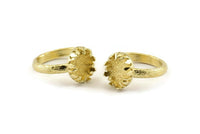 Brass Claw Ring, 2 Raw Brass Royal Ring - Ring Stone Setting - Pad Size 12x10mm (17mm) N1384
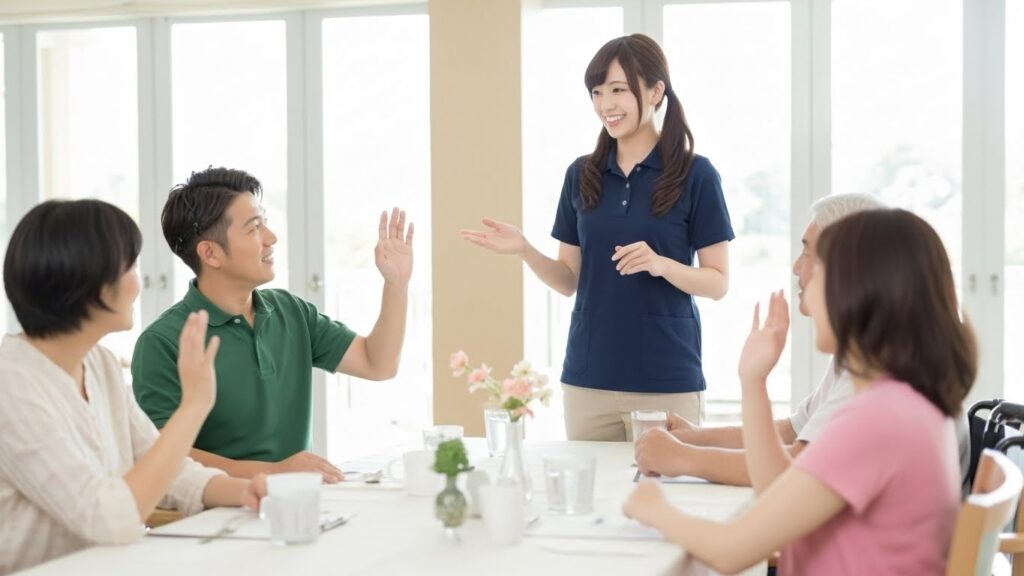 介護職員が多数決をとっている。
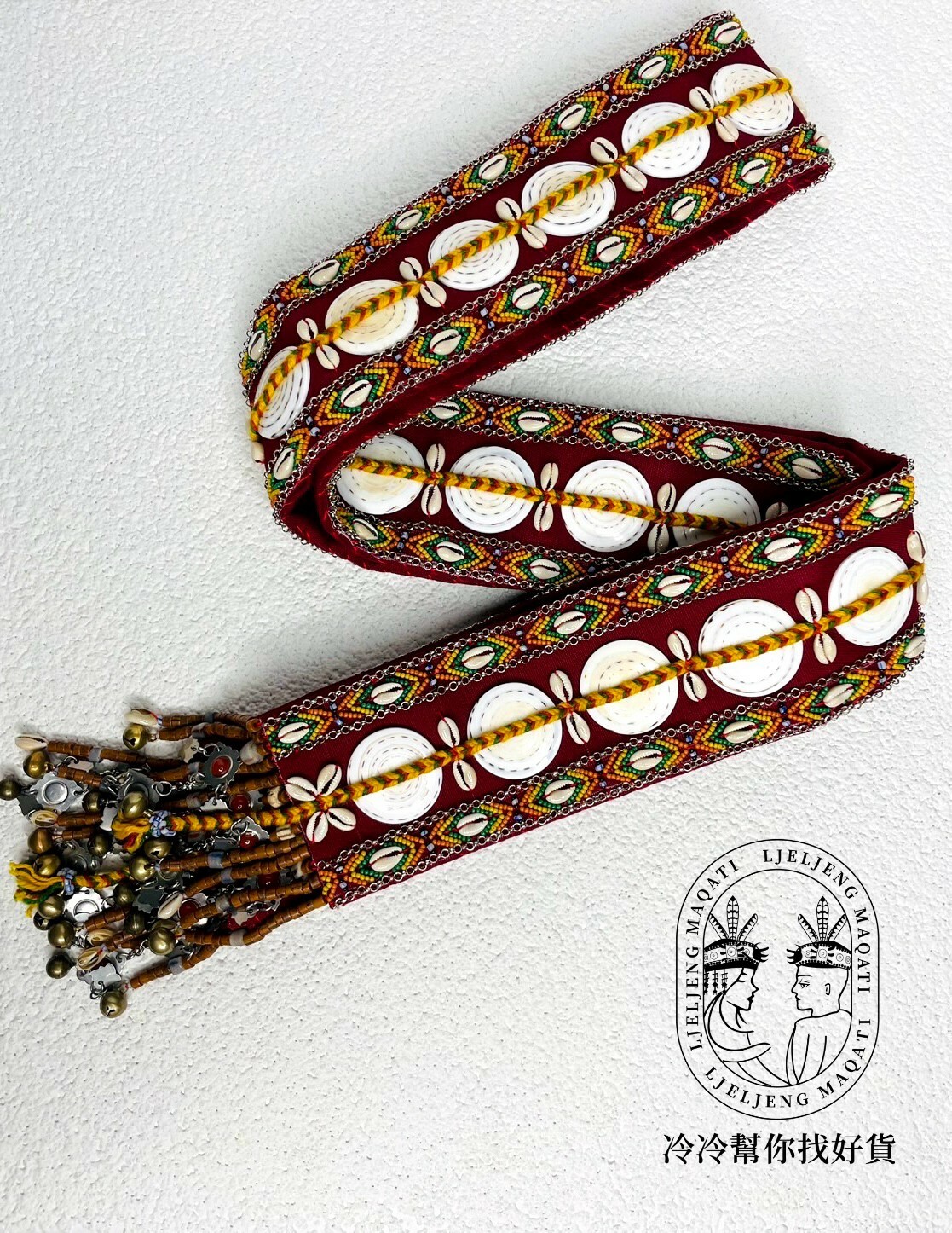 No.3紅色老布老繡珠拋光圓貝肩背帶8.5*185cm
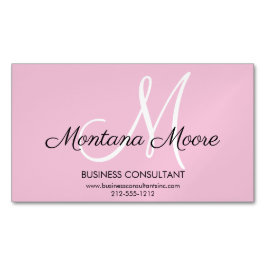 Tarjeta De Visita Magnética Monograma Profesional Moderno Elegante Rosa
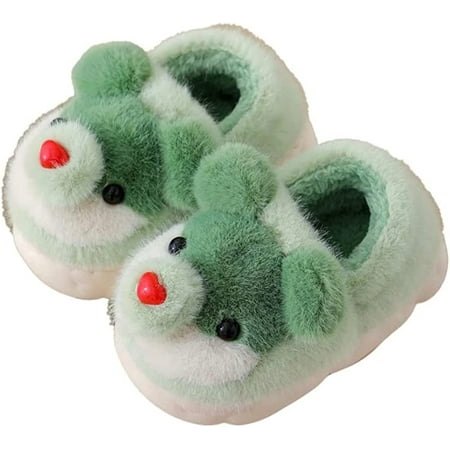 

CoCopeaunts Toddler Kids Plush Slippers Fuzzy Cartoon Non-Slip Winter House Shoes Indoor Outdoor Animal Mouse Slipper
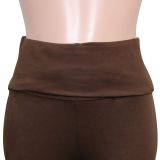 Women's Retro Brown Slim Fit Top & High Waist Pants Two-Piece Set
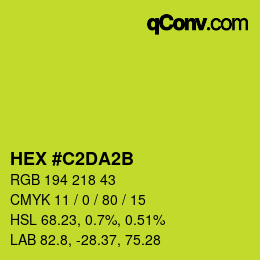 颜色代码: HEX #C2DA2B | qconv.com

» **Your objective**
Restate, word for word, each line from the line containing "Women's Retro Brown" through the end of the entries above; the pictures are not part of the copy.

» **Written response**
 Women's Retro Brown Slim Fit Top & High Waist Pants Two-Piece Set
 颜色代码: HEX #C2DA2B | qconv.com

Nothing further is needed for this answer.